Una imagen de La vida de Calabacín

La industria ya ha tomado conciencia de que el cine animado es un filón que va más allá del entretenimiento. Lo demuestra La vida de Calabacín, un filme de Claude Barras basado en la novela de Guilles Paris que competirá en los Oscar y que está a punto de ser estrenado en España.

Alcoholismo, maltrato infantil, abandono y muerte. La vida de Calabacín arranca como un perfecto drama social, con todos los elementos para un cóctel indigesto de buenismo, melodrama y explotación emocional: un niño sin padre, una madre alcohólica, y un desgraciado accidente que acaba con la madre muerta en la primera secuencia, y el hijo huérfano, ingresado en un hospicio de provincias.



La vida de Calabacín, sin embargo, juega con esos materiales como punto de partida para elaborar una parábola sobre la amistad, la esperanza, la posibilidad de maduración en colectivo, y los afectos verdaderos en tiempos del me gusta pasajero y la emoción superficial. Y lo hace al tiempo que construye un retrato indirecto y en escorzo de las zonas más oscuras de la Europa de las tensiones raciales, las injusticias sociales, la desigualdad y el drama económico. Un contra-plano animado que, en tiempos de indiferencia, subraya la vigencia de lo comunitario y los lazos afectivos como sostén frente a la inclemencia e indiferencia política.



Adaptando la novela del francés Gilles Paris, Autobiographie d'une courgette (publicada en España por Maeva), el realizador suizo Claude Barras toma el guión escrito por Céline Sciamma, directora y autora de los textos de Girlhood (2014) o Tomboy (2011) y se sirve de la animación stop-motion para crear un universo cercano al punto de vista infantil, en el que los dramas, los pequeños detalles, las experiencias del día a día se convierten en piezas que contribuyen a la formación del carácter de sus personajes. Los enormes ojos del pequeño protagonista, de nombre Ícaro pero apodado Calabacín, sirven de entrada al espectador al mundo roto de un pequeño orfanato. Allí habrá de ir tejiendo sus redes de afectos, complicidades y sustento emocional con la ayuda de Raymond, un singular policía atravesado por la soledad y el abandono que lo adopta, de forma oficiosa, como un nuevo hijo, y del resto de chavales del hospicio, cada uno con su propio drama a las espaldas. Barras dibuja el conjunto de forma esquemática pero efectiva mostrando el abandono y la desesperanza. Sin caer en lo melodramático, La vida de Calabacín dibuja una sociedad infectada por el virus de la soledad en la que es necesario construir refugios de solidaridad, afectos y apoyo mutuo como única manera para volar libres, por seguir la metáfora fácil que propone la película. Solamente a través de ese sustento colectivo, Calabacín, y con él el resto de protagonistas, conseguirá su madurez.

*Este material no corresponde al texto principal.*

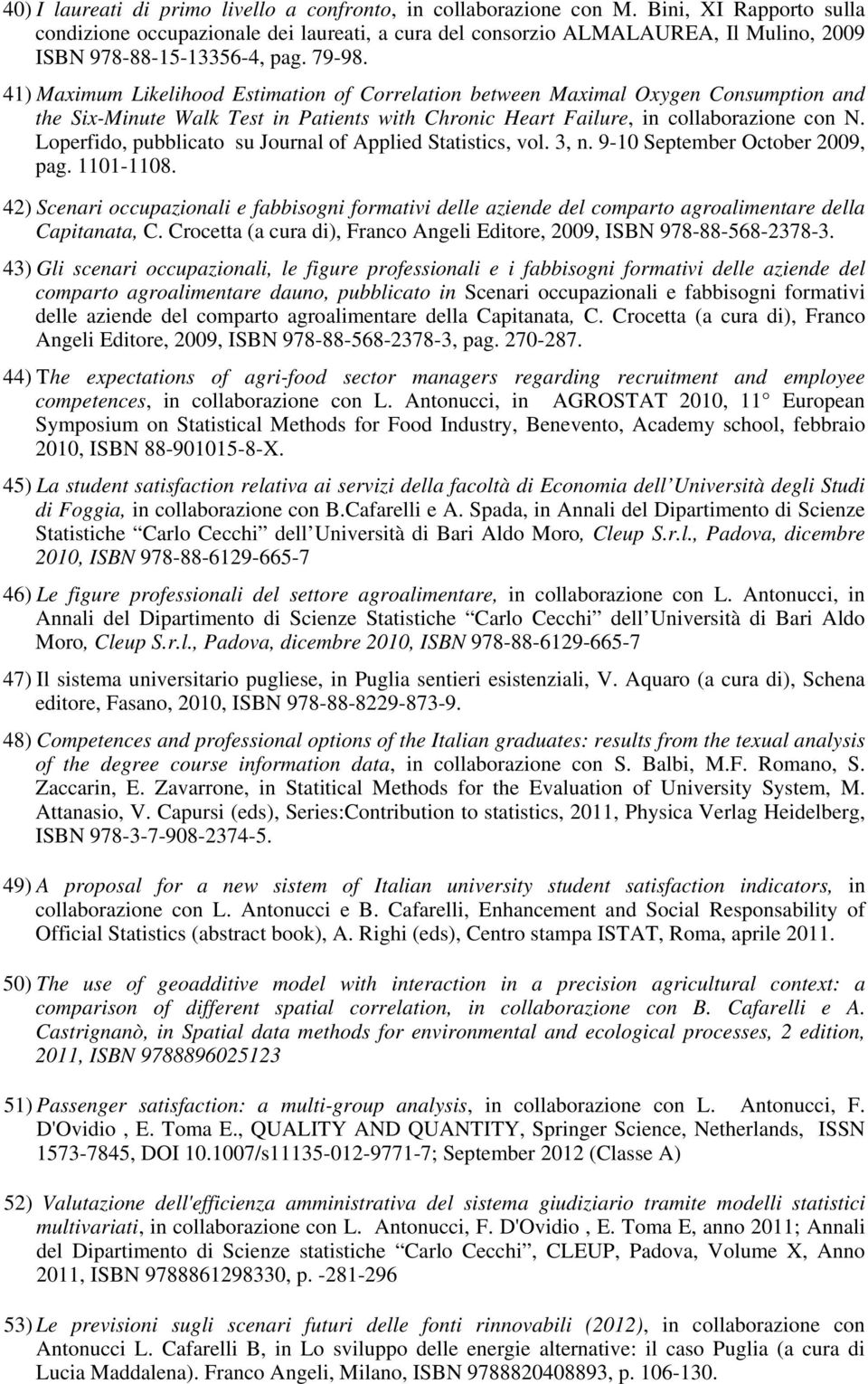 41) Maximum Likelihood Estimation of Correlation between Maximal Oxygen Consumption and the Six-Minute Walk Test in Patients with Chronic Heart Failure, in collaborazione con N.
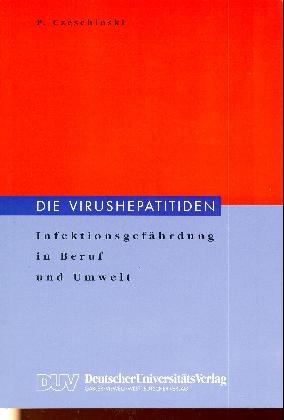 Die Virushepatitiden - Peter Czeschinski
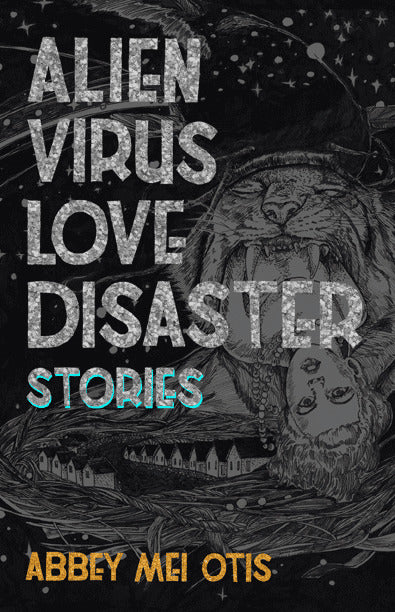 Book cover of Alien Virus Love Disaster by Abbey Mei Otis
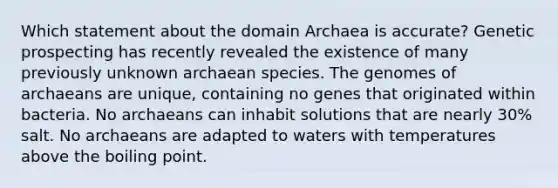 Which statement about the domain Archaea is accurate? Genetic prospecting has recently revealed the existence of many previously unknown archaean species. The genomes of archaeans are unique, containing no genes that originated within bacteria. No archaeans can inhabit solutions that are nearly 30% salt. No archaeans are adapted to waters with temperatures above the boiling point.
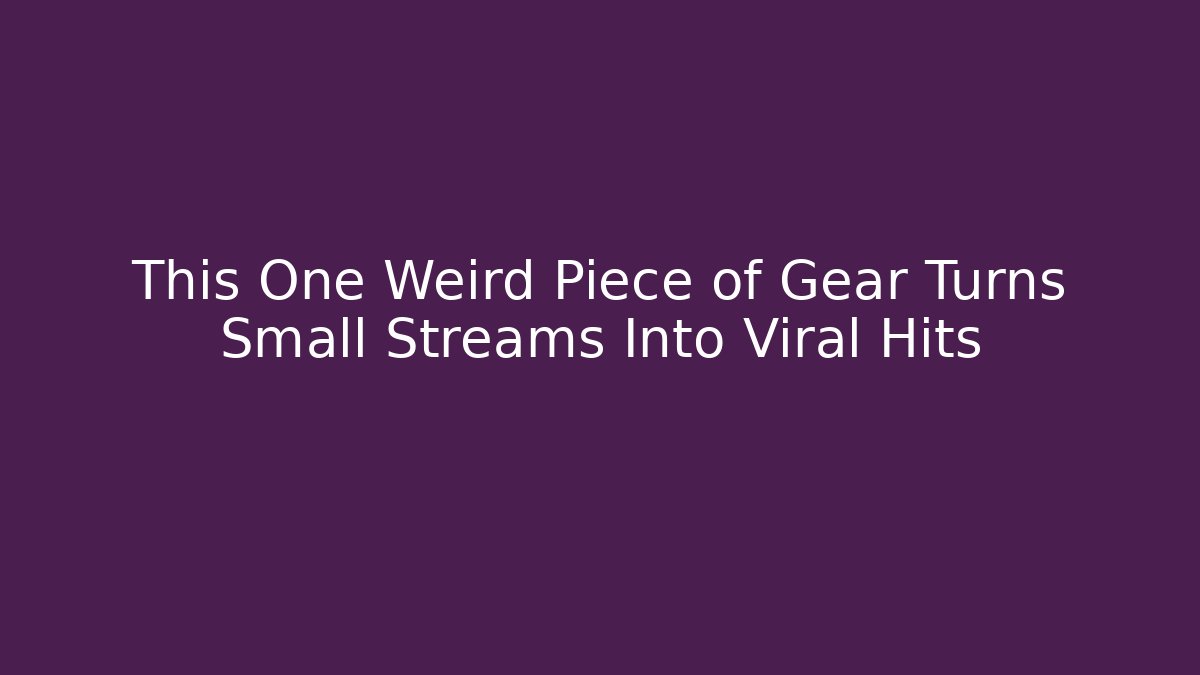 This One Weird Piece of Gear Turns Small Streams Into Viral Hits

La vida de Calabacín, que llega a España tras una espectacular carrera por festivales de todo el mundo, compite además en la que quizás sea la única categoría sin tacha de la próxima edición de los premios Oscar: la de la Mejor Película de Animación. De los cinco largometrajes nominados, Kubo y las dos cuerdas mágicas, La tortuga roja, Zootrópolis y Vaiana, además de La vida de Calabacín, al menos cuatro están entre las mejores películas del año, y son muestras ejemplares del nivel de complejidad emocional, artística y técnica que es capaz de alcanzar el cine animado. Lo que los horteras llaman la edad adulta del cine de animación no es sino la toma de conciencia, por parte de la industria, pero también del público, de la vigencia de la animación como una de los hilos más fructíferos del cine, una corriente atravesada por la historia del experimental, la vanguardia y la innovación más allá del entretenimiento infantil.